**Data section**
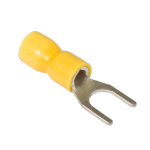 Наконечник вилочный изолированный НВИ 6.0-5 желтый (100 шт) PLEXUP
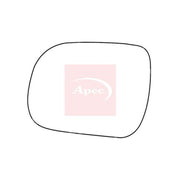 Apec Exterior Wing Mirror Glass Left fits Toyota Hilux Vigo VII Pickup 2005-2015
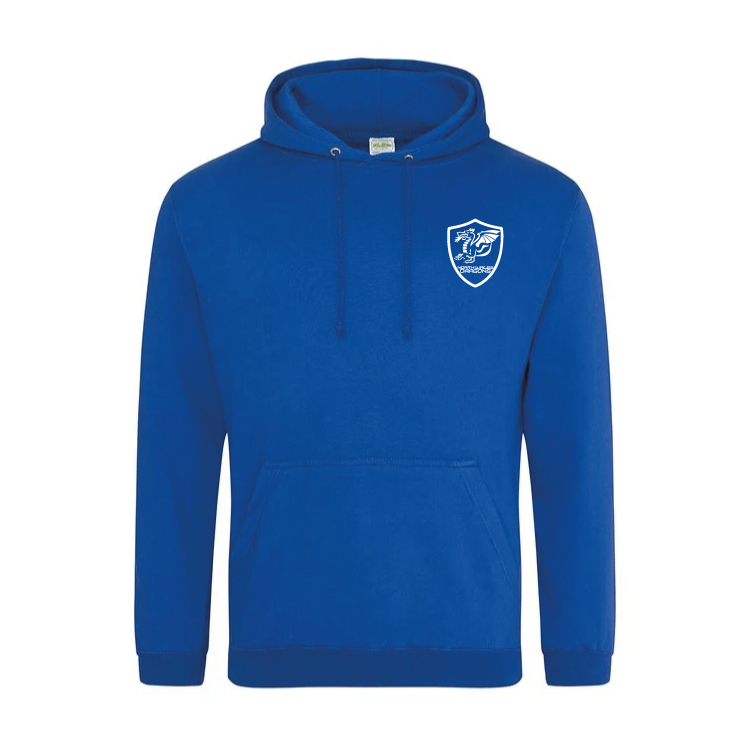 North Wales Dragons - Branded hoody with Monochrome badge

**Task to complete**
The answer must be the full listing, restated word for word, with no pictures in it.

**Expected answer**
 Наконечник вилочный изолированный НВИ 6.0-5 желтый (100 шт) PLEXUP
 Apec Exterior Wing Mirror Glass Left fits Toyota Hilux Vigo VII Pickup 2005-2015
 North Wales Dragons - Branded hoody with Monochrome badge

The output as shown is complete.